To the right of the main hall is an area that is off-limits to the general public as it’s a living quarters and meditation area for the nuns. To the left of the main hall, on the other hand, is Geukrak-jeon (Paradise Hall). Inside the main hall, and on the main altar, is Amita Bul (The Buddha of the Western Paradise) in the centre. To his left is Gwanseum-bosal (The Bodhisattva of Compassion) and Daesaeji-bosal (The Bodhisattva of Great Power). The exterior of this buidling contains numerous unique paintings to this temple like monkeys playing. Even further left is the more compact three-tiered pagoda that dates back to the late Silla Dynasty. Behind the Geukrak-jeon Hall is Josa-jeon, which is a hall for placing the portraits of historic priests that resided at the temple. At the centre of these paintings is a painting of the founding monk, Doui. To the right, and behind the main hall up a couple flights of stairs and well-manicured grounds, is a stupa that contains the earthly remains of the founding monk, Doui. From this stupa, you can see the entire temple compound. There are some beautiful views of the valley, the temple, and the mountains above from here.
HOW TO GET THERE: First, you’ll either have to get to Miryang, Ulsan or Eonyang to get a connecting bus to the SeoknamsaTemple. From Miryang, you can take one of the numerous buses that travels throughout the day from the Miryang Bus Terminal. The cost of the bus ride costs about 5,000 Won. You can take bus number 807 or 1713 from near the Ulsan intercity bus terminal. Also, you can take the Eonyang city bus that travels out to the temple eleven times during the day.

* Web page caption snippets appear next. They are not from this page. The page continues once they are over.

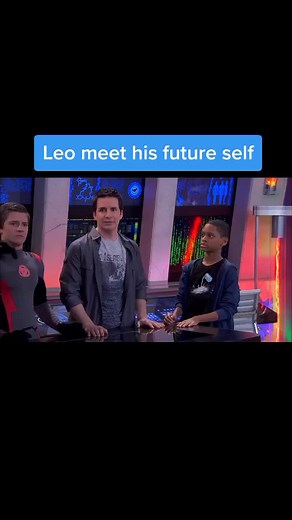Leo Meets His Future Self in Lab Rats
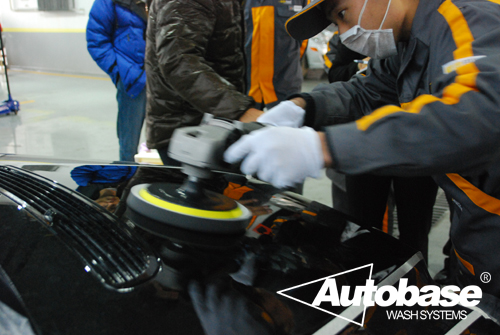 Auto detailing & car wash equipment, waxing effective advantages in world.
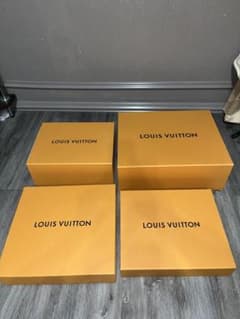 LOUIS VUITTON ルイヴィトン 空箱 4個セット まとめ売り色々サイズ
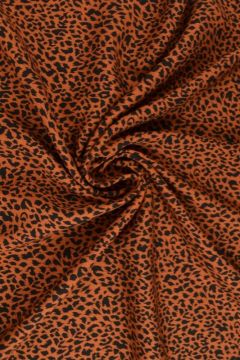 Viscose - Cheetah on Rusty
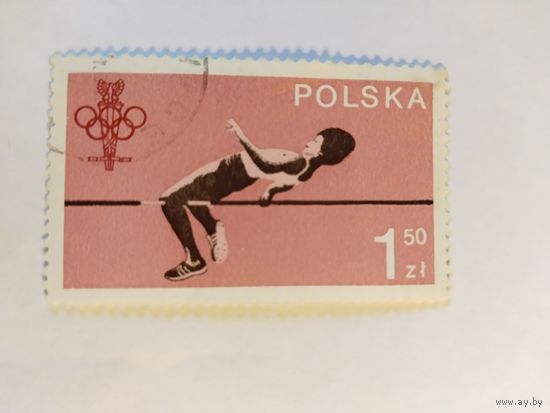 Польша  1980  легкая атлетика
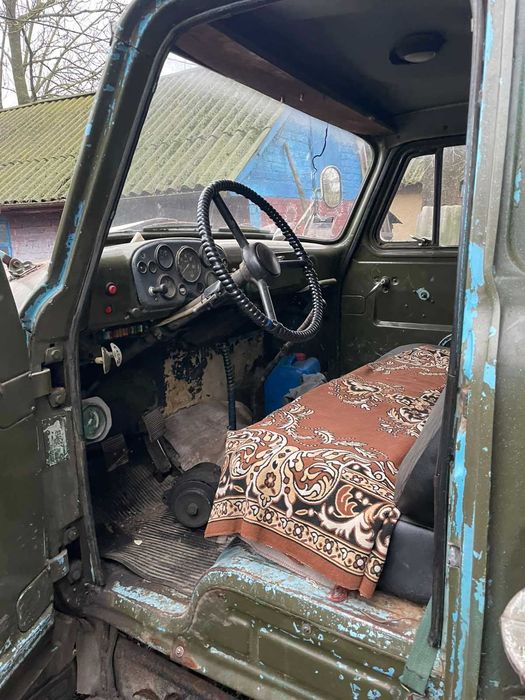 Газ-Саз 3507 1985 року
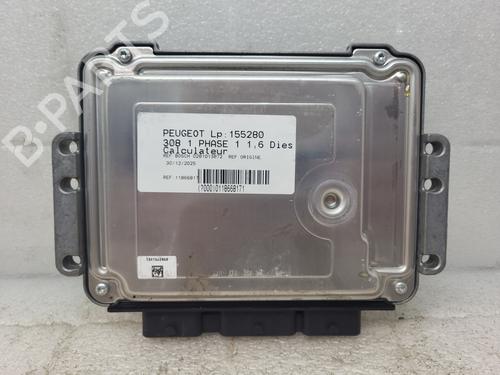 Used Control unit PEUGEOT 308 I (4A_, 4C_) 1.6 HDi (109 hp) 31376319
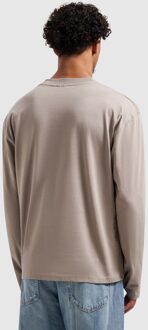 Ballin Original Chest Logo Longsleeve T-shirt Taupe  XL Beige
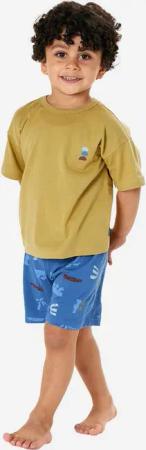 Schiesser Pyjama Nightwear (2 tlg) Schlafanzug, Pyjama Set, Nachtwäsche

OVERALL RATING: 7.5/10. While not as impressive as the neighbouring temple, Unmunmsa Temple, Seoknamsa Temple has a lot to offer the Korean temple adventurer. One of the highlights of the temple is where Seoknamsa Temple is situated with the beautiful and cascading stream, as well as towering Mount Gaji. Also the imposingly ancient three-tiered pagoda is another highlight to the adventure. Uniquely, the temple also has the remains of the founding monk in a stupa that overlooks the temple grounds. For all these reasons, I would recommend visiting this little traveled hidden gem of a temple.